Color, 1978, 84m.
Directed by John Mackenzie
Starring Stephen Petcher, Lesley Dunlop, Charles Bolton, Myra Frances, Andrew Byatt, Veronica Quilligan, Ken Hutchison
BFI (DVD) (UK R2 PAL)
First of all, in case you were wondering, a "redshift" is a physics term for an object's increased wavelength, be it a sound or even a galaxy appearing to change as it approaches or recedes. It's a catchy title for this fascinating BBC mixture of sci-fi and fantasy originally aired in 1978 as part of the series Play for Today, adapted from a novel by Alan Garner (perhaps most famous as author of The Owl Service).
The redshift here relates mostly to Tom (Petcher, a dead ringer for a young Michael Sheen), an astronomy student saddened by the imminent departure of his girlfriend, Jan (Dunlop). While out for an afternoon in the Cheshire countryside, they discover a path through a desolate village, Barthomley, eventually leading to a mysterious hill called Mow Cop marked by a decaying tower. There they discover an ancient axe head made of stone wedged into the stone and choose it as a symbol of their bond -- which may not be as strong as they think. Their experience triggers two other interweaving stories about young people caught in the forces of history: in the era of Roman Britain, unofficial leader Logan (Hutchison) guides a group of deserting soldiers through the same area and contends with the unstable but physically useful abilities of Macey (Byatt) and an unnamed mystical girl (Lisztomania's Quilligan); and during the English Civil War, Thomas (Bolton) and Madge (Frances) are torn apart by his inexplicable psychic fits (which seem to be tied to the other two time periods after he finds the same axe head) and the provocation of the locals including her ex-suitor.

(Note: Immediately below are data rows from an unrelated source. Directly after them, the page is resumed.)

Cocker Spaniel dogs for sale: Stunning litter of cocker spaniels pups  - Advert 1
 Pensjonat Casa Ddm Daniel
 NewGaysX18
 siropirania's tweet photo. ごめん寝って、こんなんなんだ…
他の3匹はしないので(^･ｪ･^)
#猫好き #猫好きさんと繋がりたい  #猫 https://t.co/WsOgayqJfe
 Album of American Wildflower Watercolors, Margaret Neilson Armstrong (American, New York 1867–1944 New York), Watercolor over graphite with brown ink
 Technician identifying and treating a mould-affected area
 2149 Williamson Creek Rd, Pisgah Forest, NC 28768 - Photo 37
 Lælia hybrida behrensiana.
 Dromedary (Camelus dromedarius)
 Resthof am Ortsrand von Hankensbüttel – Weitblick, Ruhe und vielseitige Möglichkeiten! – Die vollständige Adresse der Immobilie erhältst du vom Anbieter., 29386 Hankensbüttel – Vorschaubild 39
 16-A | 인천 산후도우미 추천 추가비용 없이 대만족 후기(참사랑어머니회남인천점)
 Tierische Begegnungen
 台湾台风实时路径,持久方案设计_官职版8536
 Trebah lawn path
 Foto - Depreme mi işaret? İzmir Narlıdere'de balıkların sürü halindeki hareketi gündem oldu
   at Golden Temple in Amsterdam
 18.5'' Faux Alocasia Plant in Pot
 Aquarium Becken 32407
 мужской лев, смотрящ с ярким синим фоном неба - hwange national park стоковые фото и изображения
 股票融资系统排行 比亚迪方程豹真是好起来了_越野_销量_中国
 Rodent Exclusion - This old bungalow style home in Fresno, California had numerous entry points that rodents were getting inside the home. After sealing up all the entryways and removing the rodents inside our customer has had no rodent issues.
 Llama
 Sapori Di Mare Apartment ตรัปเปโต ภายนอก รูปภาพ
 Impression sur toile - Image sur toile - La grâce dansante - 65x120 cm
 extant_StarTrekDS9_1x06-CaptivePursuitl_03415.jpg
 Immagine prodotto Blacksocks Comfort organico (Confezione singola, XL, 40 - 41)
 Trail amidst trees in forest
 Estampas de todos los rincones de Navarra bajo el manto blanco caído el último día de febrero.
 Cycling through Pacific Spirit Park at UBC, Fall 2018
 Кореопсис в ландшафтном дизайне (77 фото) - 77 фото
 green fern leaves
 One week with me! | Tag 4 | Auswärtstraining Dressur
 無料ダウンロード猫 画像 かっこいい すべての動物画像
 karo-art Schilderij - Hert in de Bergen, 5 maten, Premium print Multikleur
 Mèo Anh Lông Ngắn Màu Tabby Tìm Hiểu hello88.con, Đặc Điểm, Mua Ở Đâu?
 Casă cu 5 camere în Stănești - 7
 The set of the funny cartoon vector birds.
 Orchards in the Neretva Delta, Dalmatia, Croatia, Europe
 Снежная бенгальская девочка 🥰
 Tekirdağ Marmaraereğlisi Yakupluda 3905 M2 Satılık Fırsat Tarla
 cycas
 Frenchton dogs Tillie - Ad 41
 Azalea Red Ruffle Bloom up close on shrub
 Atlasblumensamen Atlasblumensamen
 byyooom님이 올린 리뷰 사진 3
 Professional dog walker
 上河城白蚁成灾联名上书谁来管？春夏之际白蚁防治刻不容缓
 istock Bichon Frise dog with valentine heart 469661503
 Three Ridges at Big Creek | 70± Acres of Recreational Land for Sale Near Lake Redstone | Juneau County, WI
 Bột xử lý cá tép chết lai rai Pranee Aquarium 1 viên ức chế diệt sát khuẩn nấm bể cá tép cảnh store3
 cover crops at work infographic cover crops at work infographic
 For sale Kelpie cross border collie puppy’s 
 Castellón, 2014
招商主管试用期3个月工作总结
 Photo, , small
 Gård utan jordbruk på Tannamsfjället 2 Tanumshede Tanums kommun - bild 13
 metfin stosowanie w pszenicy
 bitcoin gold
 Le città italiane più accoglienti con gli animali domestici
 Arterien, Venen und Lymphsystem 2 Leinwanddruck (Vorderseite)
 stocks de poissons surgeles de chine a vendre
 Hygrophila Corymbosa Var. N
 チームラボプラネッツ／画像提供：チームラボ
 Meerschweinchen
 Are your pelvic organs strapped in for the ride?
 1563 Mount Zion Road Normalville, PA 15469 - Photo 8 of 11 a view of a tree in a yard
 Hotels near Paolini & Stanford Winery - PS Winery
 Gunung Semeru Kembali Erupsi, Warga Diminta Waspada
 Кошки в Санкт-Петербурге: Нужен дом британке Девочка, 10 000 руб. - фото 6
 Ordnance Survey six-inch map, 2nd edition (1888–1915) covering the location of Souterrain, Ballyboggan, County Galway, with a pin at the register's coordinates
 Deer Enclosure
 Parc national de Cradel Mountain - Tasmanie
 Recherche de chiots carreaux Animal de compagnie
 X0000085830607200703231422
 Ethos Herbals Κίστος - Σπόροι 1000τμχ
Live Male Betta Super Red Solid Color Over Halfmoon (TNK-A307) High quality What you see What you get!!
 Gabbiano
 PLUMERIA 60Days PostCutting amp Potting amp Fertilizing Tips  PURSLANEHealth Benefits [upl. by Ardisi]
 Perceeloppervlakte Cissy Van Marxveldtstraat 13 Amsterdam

Red Shift is especially interesting today as an ambitious, rewarding TV work by Scottish filmmaker John Mackenzie, who started off working for Ken Loach and directed the superb, undervalued thriller Unman, Wittering and Zigo in 1971. Today he's best known as the director of the 1980 crime classic The Long Good Friday, and his sure hand is in evidence here as he makes a sprawling, challenging narrative compress nicely into an hour and a half. Most of the actors are familiar from TV fare of the era, with Hutchison (Straw Dogs) perhaps standing out the most the same year he starred as Heathcliff in the solid BBC miniseries version of Wuthering Heights.
For its home video debut, the BFI presents the film in an impressive 1.33:1 transfer on DVD with sharp detail given the usual film stock the BBC employed at the time. Thankfully the original 16mm film elements were used rather than the videotape copy used for broadcast, which means this restored version is substantially more impressive than what was seen by viewers in 1978. The audio is also very clear with optional English subtitles, and a trio of solid video extras have been added as well. 1972's "One Pair of Eyes: Alan Garner - All Systems Go" is a fascinating 40-minute interview with the author and a good overview of his career at the time, rendered in an appropriately odd and dreamy style. A new 5-minute interview with first assistant director Bob Jacobs and film editor Oliver White covers some of the basics of shooting on location in Cheshire and weaving together the three different timelines, while 1980's "Spirit of Cheshire" offers a 20-minute tour of the area with a Rolls-Royce Silver Ghost (voiced by the great Michael Hordern, of all people) offering a framing device. The package also includes the usual robust booklet with new essays by David Rolinson (who thoroughly covers the film's history , source novel, and color symbolism), Michael Brooke (a Garner bio), a brief new piece by Garner about the novel's inspiration, Sergio Angelini (a Mackenzie bio), and Paul Vanezis and James Blackford (notes on the bonus features).